In den Nachprüfungsverfahren wurde lediglich der äußere Anschein der Urkunde beurteilt. Eine inhaltliche Kontrolle fand nicht statt. Hierbei sind die CPV-Codes hilfreich, die in jeder Präqualifikationsurkunde aufgelistet werden und eindeutig die Leistungsbereiche des Unternehmens identifizieren. Im Falle der Küchentechnik umfasst der CPV-Code bspw. VOL-Leistungen aus den Bereichen 391 „Möbel“, 392 „Ausstattung und Zubehör“, 293 „Diverse Ausrüstungen“, 397 „Haushaltsgeräte“, 42 „Industrielle Maschinen“ und 508 „Diverse Reparatur- und Wartungsdienste“, aber auch VOB-Leistungen aus dem CPV-Bereich 4542 „Bautischlerei-Einbauarbeiten“. Unternehmen mit überschneidenden Leistungsbereichen sollten der lästigen Benennung von CPV-Codes nicht zu wenig Aufmerksamkeit schenken, damit die Präqualifikationsurkunde tatsächlich ihr gesamtes Leistungsspektrum widerspiegelt.

Unternehmen, die zunächst Küchentechnik herstellen, sind typische Unternehmen im Lieferleistungsbereich. Da der Auftraggeber sie mit der Dienstleistung des Einbaus beauftragt, mutiert die Leistung zur Bauleistung. Dass gerade diese Konsequenz oft eine schwierige Abgrenzungsfrage sein kann, macht die Sache nicht leichter. Es kann aber nicht sein, dass diese Unternehmen sich zweimal, jeweils nach VOL und VOB, präqualifizieren müssen. Eine doppelte Präqualifizierung ist weder erforderlich noch mittelstandsfreundlich. Sie ist im Grunde genommen unnötig, denn es würden im Wesentlichen dieselben Einzelnachweise zur Eignungsprüfung vorzulegen sein: Alle PQ-Stellen zertifizieren nach ähnlichen Leitlinien und stellen gleichwertige Urkunden aus.

Präqualifizierungssysteme werden zukünftig immer stärker ausgebaut.

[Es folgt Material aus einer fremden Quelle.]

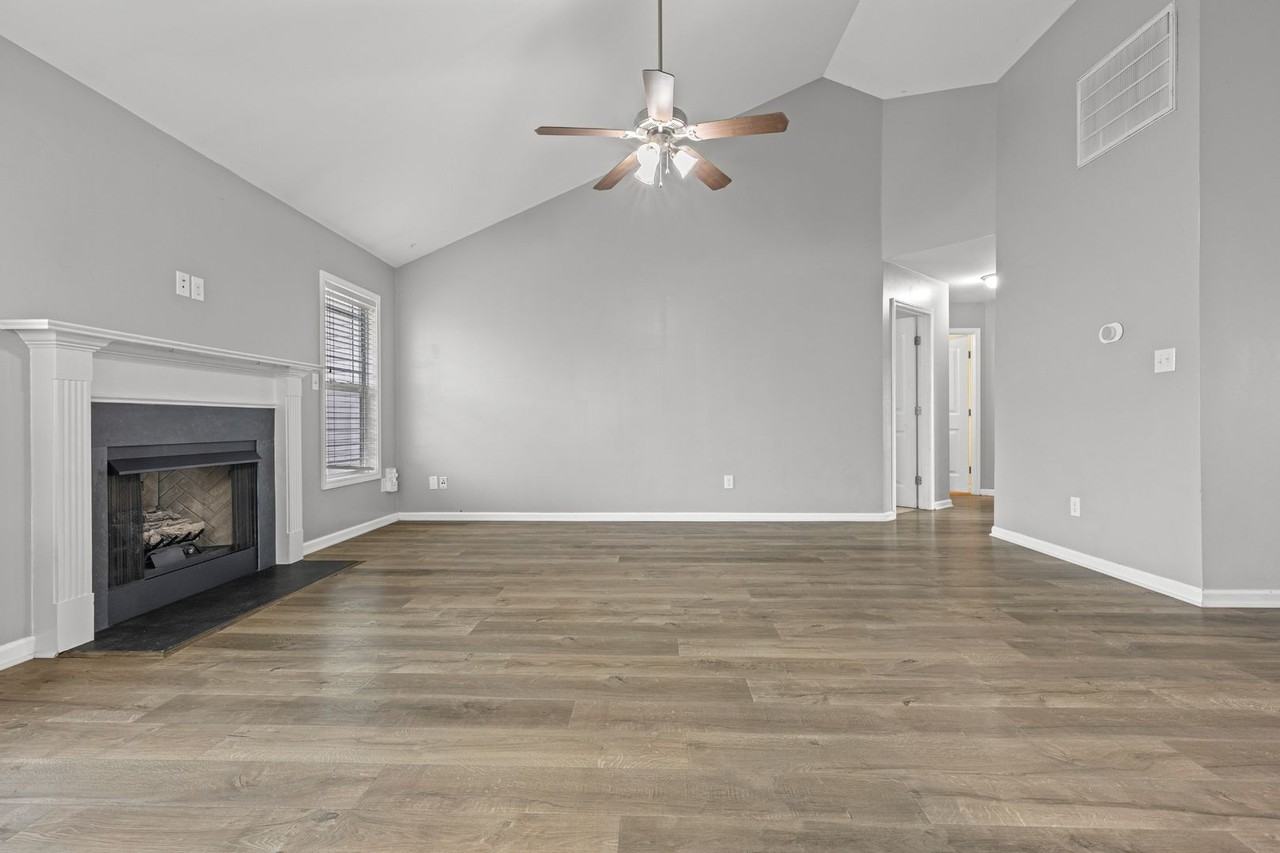 361 Sonoma Rd - Photo 3 of 15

Hierauf deutet zum Beispiel auch die zu erwartende europäische Richtlinie hin. Es muss daher ein Weg eröffnet werden, der ein Unternehmen in allen Leistungsbereichen abschließend präqualifizieren kann. Das HPQR und einige ULVs könnten hier Vorbild sein. In Hessen hat man mit dem HPQR von vornherein auf die Differenzierung verzichtet und eine einheitliche Präqualifizierung über sämtliche Leistungen eines Unternehmens eingerichtet.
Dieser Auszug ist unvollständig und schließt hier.